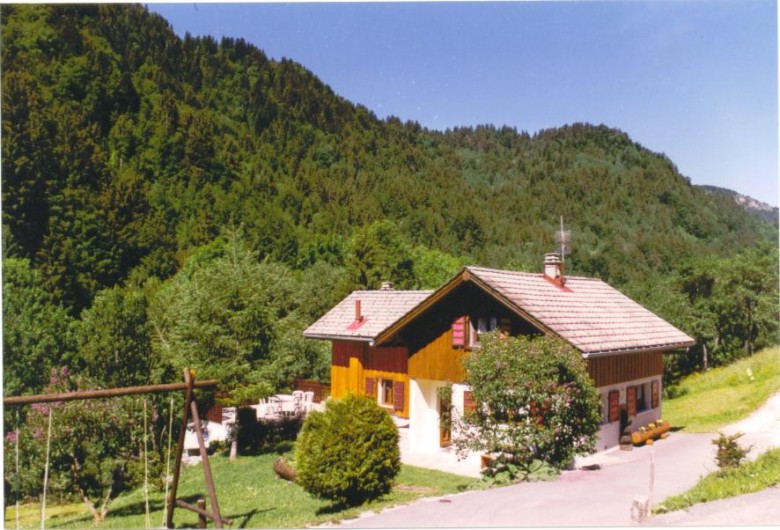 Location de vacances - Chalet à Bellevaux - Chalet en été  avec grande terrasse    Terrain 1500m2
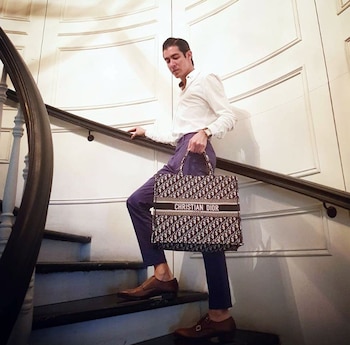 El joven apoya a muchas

· · ·

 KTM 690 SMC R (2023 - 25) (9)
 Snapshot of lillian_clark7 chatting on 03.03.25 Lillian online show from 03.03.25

· · ·

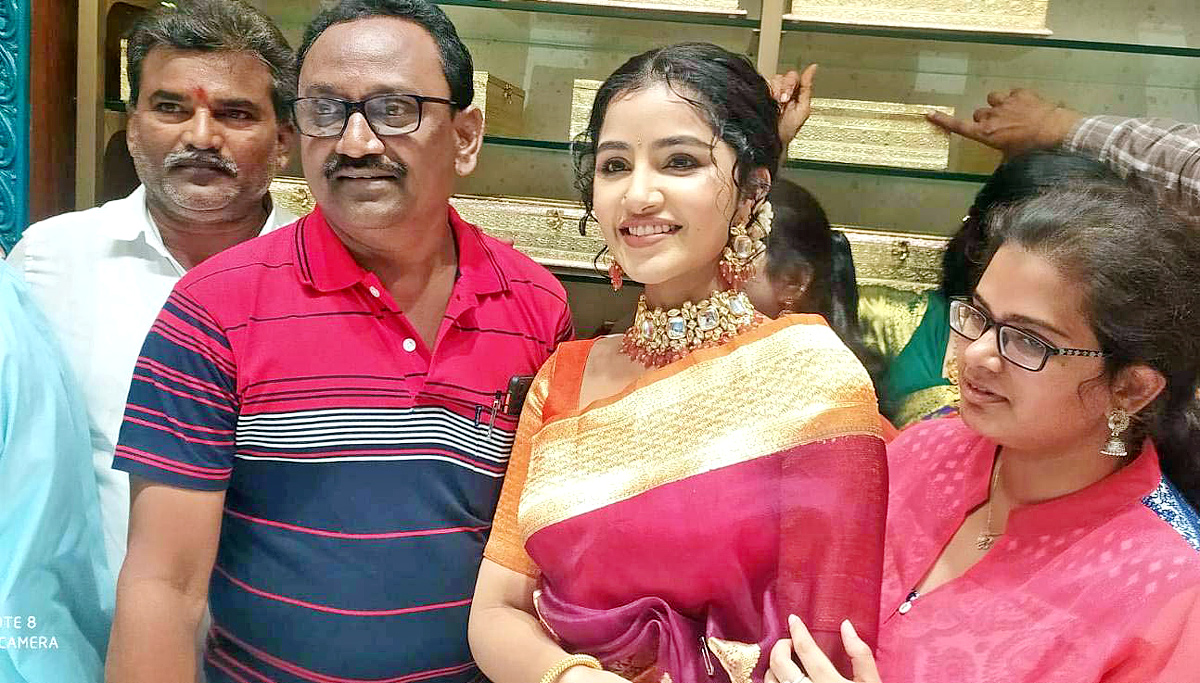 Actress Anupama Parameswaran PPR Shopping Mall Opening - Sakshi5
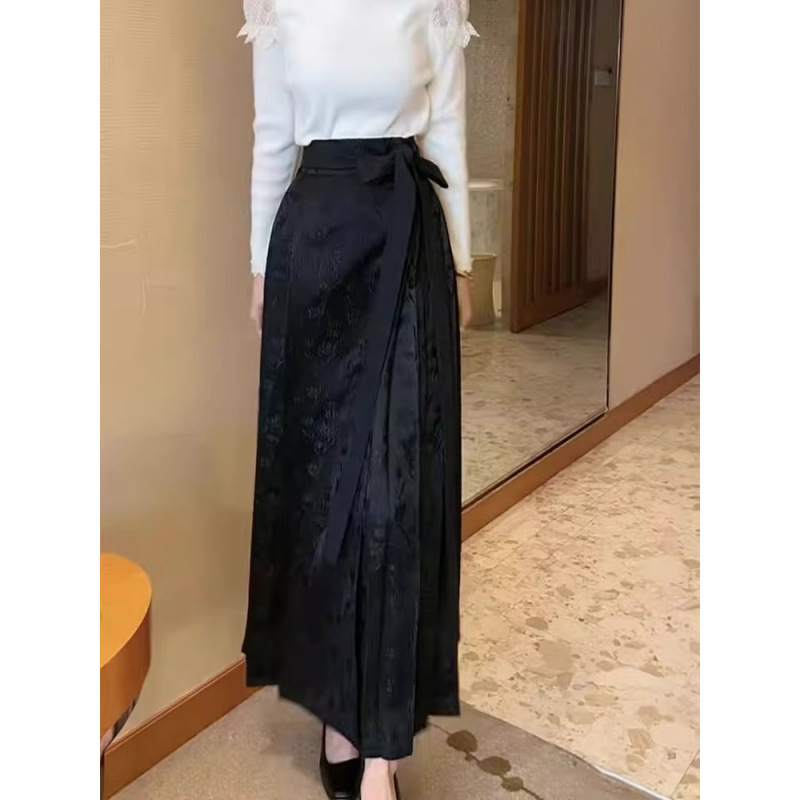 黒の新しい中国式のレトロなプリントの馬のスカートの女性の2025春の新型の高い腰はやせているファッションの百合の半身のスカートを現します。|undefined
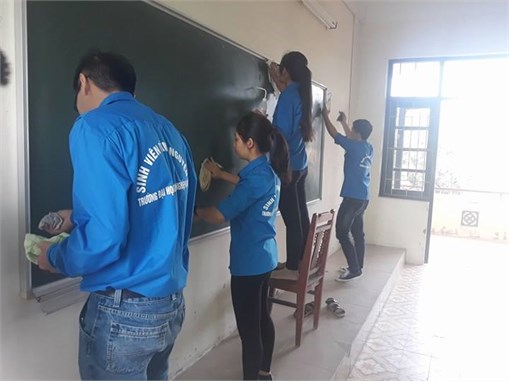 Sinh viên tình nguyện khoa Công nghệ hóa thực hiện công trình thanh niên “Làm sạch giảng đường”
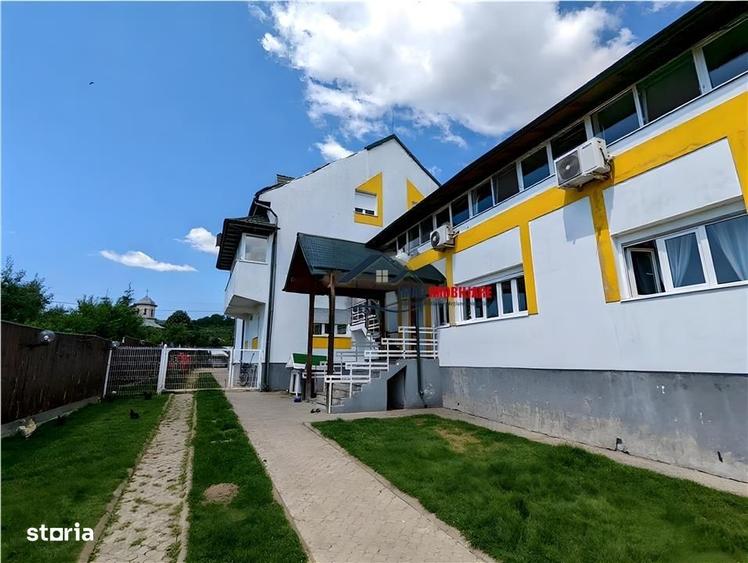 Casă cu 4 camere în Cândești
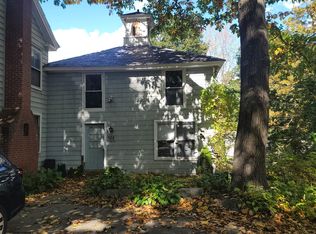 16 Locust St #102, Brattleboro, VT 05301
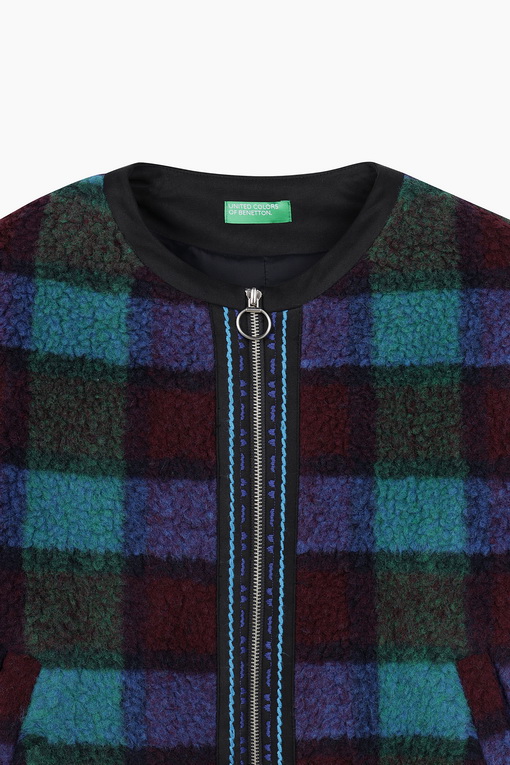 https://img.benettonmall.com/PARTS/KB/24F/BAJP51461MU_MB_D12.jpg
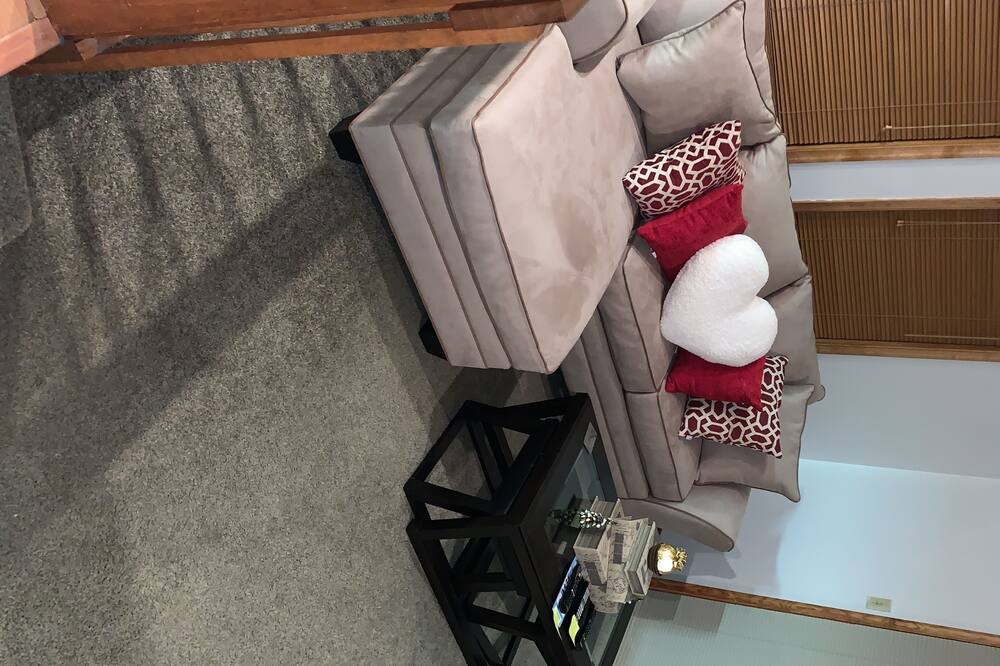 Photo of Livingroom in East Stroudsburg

· · ·

Required work: Using the entries above, transcribe every line from the line containing "Location de vacances" through the line containing "El joven apoya a muchas". Do not copy pictures.

Your response:
 Location de vacances - Chalet à Bellevaux - Chalet en été  avec grande terrasse    Terrain 1500m2
 El joven apoya a muchas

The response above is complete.